Aksi Kamisan kerap dilakukan aktivis di Samarinda Kaltim. (IDN Times/Nina)
Sementara itu, Ketua Gerakan Mahasiswa Nasional Indonesia (GMNI) Kaltim Muhammad Akbar menilai, seniman-seniman mural di Kaltim tidak pernah menuangkan karya bernada kritikan terhadap pemerintah. Tidak pernah ditemui karya mural yang mengkritisi kebijakan pemerintah di sejumlah kota/kabupaten Benua Etam.
Apalagi di masa sekarang ini, saat aparat berlaku represif dengan menindak tegas lukisan mural menyindir kebijakan pemerintah. Seperti yang sudah terjadi di sejumlah tempat di Indonesia.

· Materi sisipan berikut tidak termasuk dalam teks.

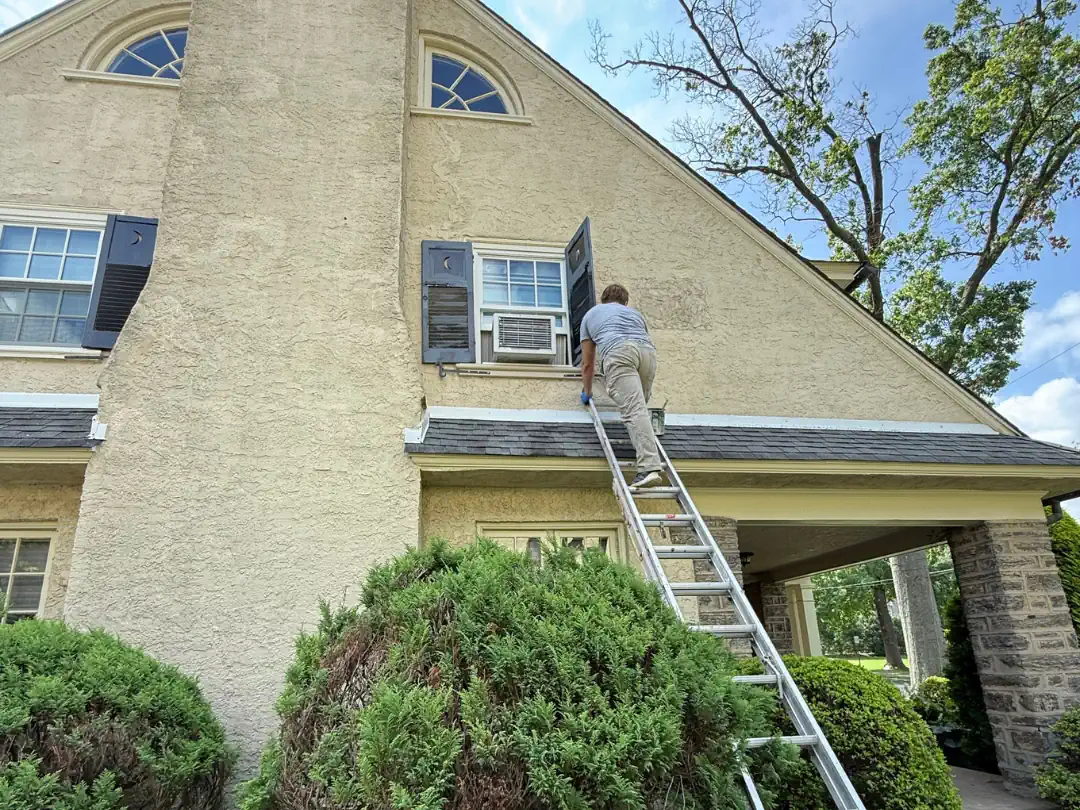 Painter on ladder prepping and painting stucco exterior on a two-story home — SIB PRO PAINTERS, Bucks County, PA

“Secara psikologi kawan-kawan komunitas mural mulai takut berekspresi dan berkarya. Padahal seni, terkhusus mural juga bagian kanal untuk menyampaikan pandangan," keluh Akbar.
Khusus soal ini, ia menyayangkan sikap represif aparat yang mengancam pidana pelukis mural yang menggambarkan wajah mirip Presiden Joko Widodo.

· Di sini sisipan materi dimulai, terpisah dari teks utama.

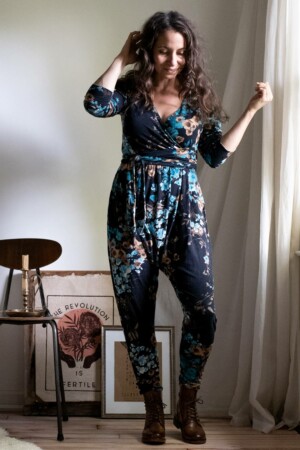 Meg wears a dark floral knit Talam Jumpsuit sewing pattern.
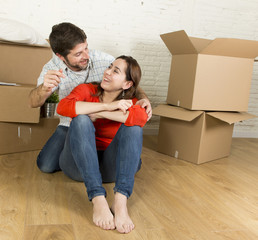 Fototapeta na wymiar happy couple sitting on floor celebrating moving in new flat house or apartment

“itu kan hak berpendapat, seniman juga rakyat yang punya pandangan tentang pemimpinnya,” ujarnya.
Lebih lanjut, Akbar mengungkapkan, para aktivis sempat beberapa kali berkolaborasi dengan seniman mural di Samarinda. Salah satunya aksi Kamisan di depan Kantor Gubernur Kaltim mempersoalkan sejumlah permasalahan daerah.
“Sempat juga kolaborasi, dituangkan di tembok folder. Sekarang sudah hilang sih. Karena sudah lama sekali. Tapi belum pernah kejadian penghapusan paksa oleh aparat,” jelas Akbar.